## Information supplied:
********************

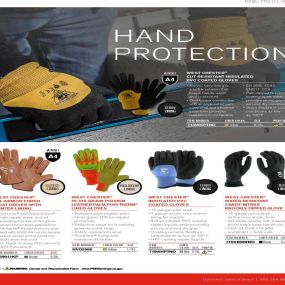 Industrial hand protection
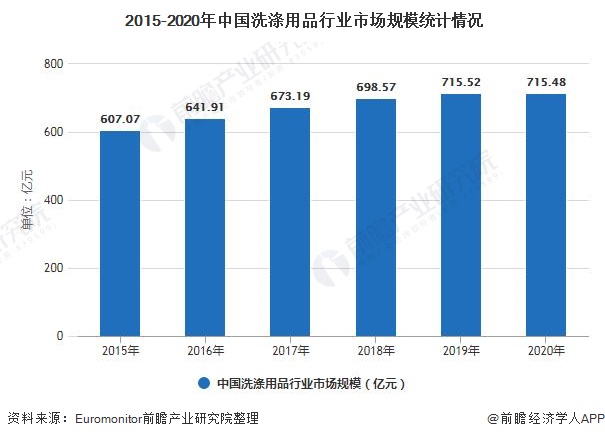 2021年中国洗涤用品行业市场规模、市场份额及发展趋势分析 国产化趋势愈加明显PG PG电子 APP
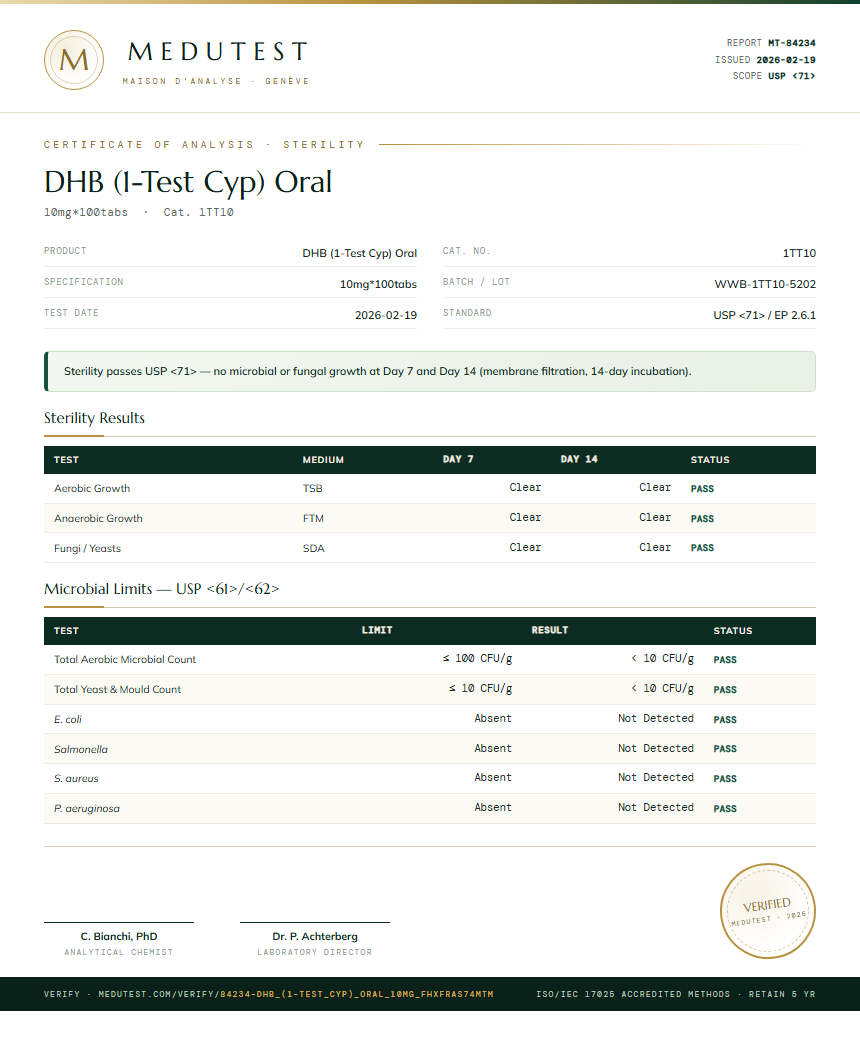 DHB (1-Test Cyp) Oral Sterility report by Medutest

********************

All pictures should be dropped; the lines from the one containing "2021年中国洗涤用品行业市场规模、市场份额及发展趋势分析 国产化趋势愈加明显PG PG电子" through the last line of the material are to be set down exactly.

 2021年中国洗涤用品行业市场规模、市场份额及发展趋势分析 国产化趋势愈加明显PG PG电子 APP
 DHB (1-Test Cyp) Oral Sterility report by Medutest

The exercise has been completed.